Along the Watchtower
Several pretty cows roamed around the village, looking a little like brindle versions of Jersey cows. They were mischievous, trying to raid gardens, with one jumping a rail and having to be chased away with much shouting and stick waving.
It was a timeless scene. We’d had a young local walking guide, Luka, join us and as we headed back to Omalo I quizzed him about the watch towers that were such a striking part of the landscape.
He explained that in the early Middle Ages they would have been used for fortification, but also for living. Animals would have been stabled on the first floor, while the family lived on the second and third floors, with men and women having separate living space. The top floor was used as a watchtower. Omalo has restored seven of their original 12 towers, and Luka said there are plans to rebuild the other three.
Alex had been translating, commenting that Luka’s Tusheti dialect was similar to 18th century Georgian. Luka was shyer talking about himself but revealed that eight generations of his family have lived in Omalo, and they all come here from June to September each year.
I asked the 17-year-old about spending his summers here and didn’t really need a translation as Luka’s shining eyes told me his answer. “I love it here.”
It was a wrench to leave the mountains, although we were at least blessed with clear skies on the way back down and stopped several times for photos and to admire the views. The next stop was Gori, about an hour and a half north-west of Tbilisi and notorious for being the birthplace of Stalin.
We knew that millions of deaths were attributed to Stalin’s regime, so it was with mixed emotions that we arrived in the city. We were staying in The Victoria, a Soviet style hotel, and it was a shock to be met at the entrance by a large mural of the man himself.
The next morning we strolled to the Stalin museum in the sunshine, accompanied by a small posse of friendly street dogs, a typical fixture of Georgian towns. In front of the imposing Italianate-style museum building is the simple house in which ‘the man of steel’ was born
Inside the museum was a small souvenir shop stocked with T-shirts, mugs and all the other merchandise one would expect of a celebrity figure. One image of him as a young man was particularly dashing, all smoldering eyes and pop-star hair.
We joined a one-hour guided tour with a young woman, Natia. She explained that the museum was started when he was still alive as a planned Museum of the Revolution, but that after his death in 1953 it became a museum of his life.
She talked us quickly through his life and times, his humble origins, his time in a seminary before becoming a revolutionary, various internments in Siberia, and the years in power. “How do local people feel about him?” I asked her. “It’s complicated,” she said. “Some older people, particularly around here, still admire him as a strong man.”
Natia was full of knowledge but I got the distinct impression she wasn’t a fan. “I always tell people it’s important to see the Museum of Soviet Occupation in Tbilisi to get another perspective.”
I left Georgia with a bulging notebook, not a page left blank.
My brain was overloaded with historical facts, and wrestling with layer upon layer of information. And yet I felt I had barely scratched the surface.
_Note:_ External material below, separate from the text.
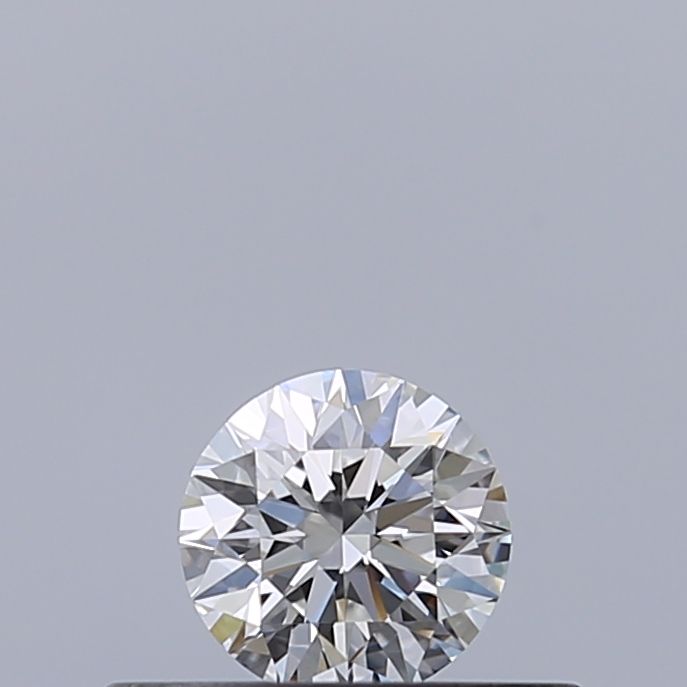 0.24 ct Round diamond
A few weeks later I met some of the group at a Georgian wine festival in London. There were wine tastings, music, dance, and khachapuri. And naturally there were a couple of black-robed priests there, walking around with glass in hand.
The night was still young so we found a nearby restaurant and ordered more wine.
As we made a toast to ourselves, absent friends, Dario, I thought, ‘Yes, this is what Georgia is all about. Good friends, good company, a glass of wine.’